On Thursday, shareholders are hoping that the release of results for the three months through March will signal better times. Germany’s largest bank is reeling from a legacy of problems – the most pressing being the political fallout of a costly manipulation of interest rate benchmarks by some of its employees from 2006 to 2010.
An internal investigation is probing the role played by supervisory board chairman Paul Achleitner in the bank’s cooperation – or lack of it – with U.K. and U.S. regulators that investigated the rate manipulation scandal. The regulators eventually fined Deutsche Bank a combined $2.5 billion for its role in the global collusion, and criticized the bank for trying to impede their probes.
Mr. Achleitner, a former Goldman Sachs Germany director, vehemently denied any attempt to hinder the investigation earlier this month in an interview with Handelsblatt sister publication WirtschaftsWoche.

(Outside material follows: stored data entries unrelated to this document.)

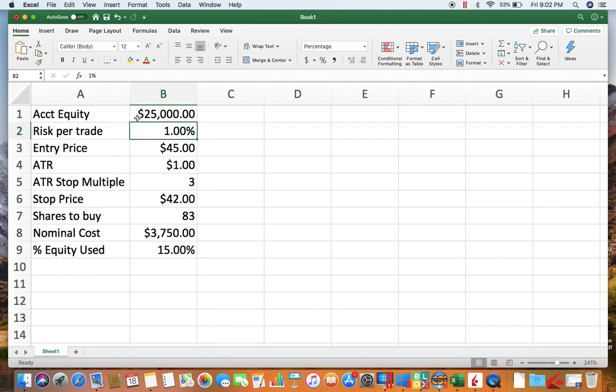Obviously, you know, you're going to put however much money you have here to trade, however much risk you want to take per trade, and then for whatever instrument you're trading, you just need the entry price, ATR which you can get from the chart, and whatever multiple you want to use to decide how close or wide you want your stop to be.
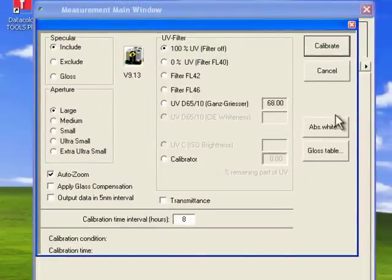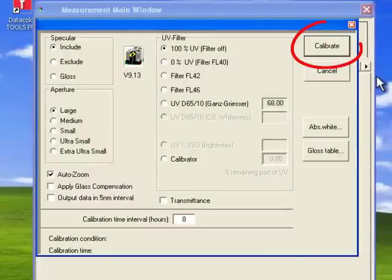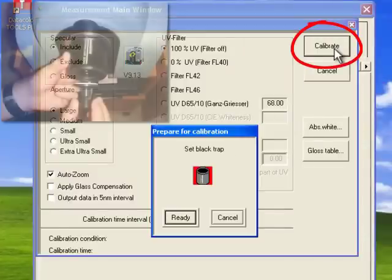The system automatically opens the calibration screen. Select the desired calibration options for your instrument and click Calibrate.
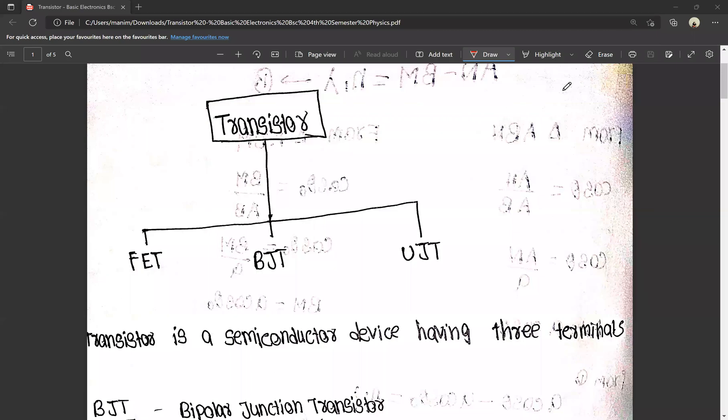Hello friends, this is Manesh Prince. In this video, we are going to complete the transistors. We are going to talk about basic electronics in physics.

But the matter hasn’t ended there.
That’s largely because of Georg Thoma, a Deutsche Bank supervisory board member who leads an “integrity” committee trying to get to the bottom of the scandal. Mr. Thoma, a Frankfurt mergers-and-acquisitions lawyer with a reputation for tenacity and propriety, has been aggressively investigating the matter – too aggressively, apparently for some members of Deutsche Bank’s supervisory board.
Mr. Thoma’s efforts to clarify what role Mr. Achleitner played in a strategy to mislead or hinder the regulators has turned into political dynamite, and divided the bank’s top policy-setting panel at a time when investors are already unhappy with its lackluster restructuring and inconsistent performance.
Some members of the supervisory board, in internal emails and memos seen by Handelsblatt, are accusing Mr. Thoma of overreaching and taking his inquiry into the bank’s misdeeds – and into Mr. Achleitner’s role – too far.
The issue threatens to boil over today, when the supervisory board’s executive committee will meet to discuss an potentially explosive dispute that could turn public at the bank’s May 19 annual shareholders’ meeting.
Mr. Thoma was appointed to Deutsche Bank’s supervisory board in 2013 to head the internal investigation into the rate-manipulation scandal, which involved traders at Deutsche Bank, Barclays, Royal Bank of Scotland, Societe Generale and Citigroup, among others.
The traders were caught colluding – through emails and instant messaging – to artificially set the London Interbank Offered Rate and Euro Interbank Offered Rates, which make up two of the most widely used benchmarks that commercial banks use, to set their own lending and interest rates for a range of transactions.
Most of the traders directly involved in the fraud have been prosecuted or left their posts.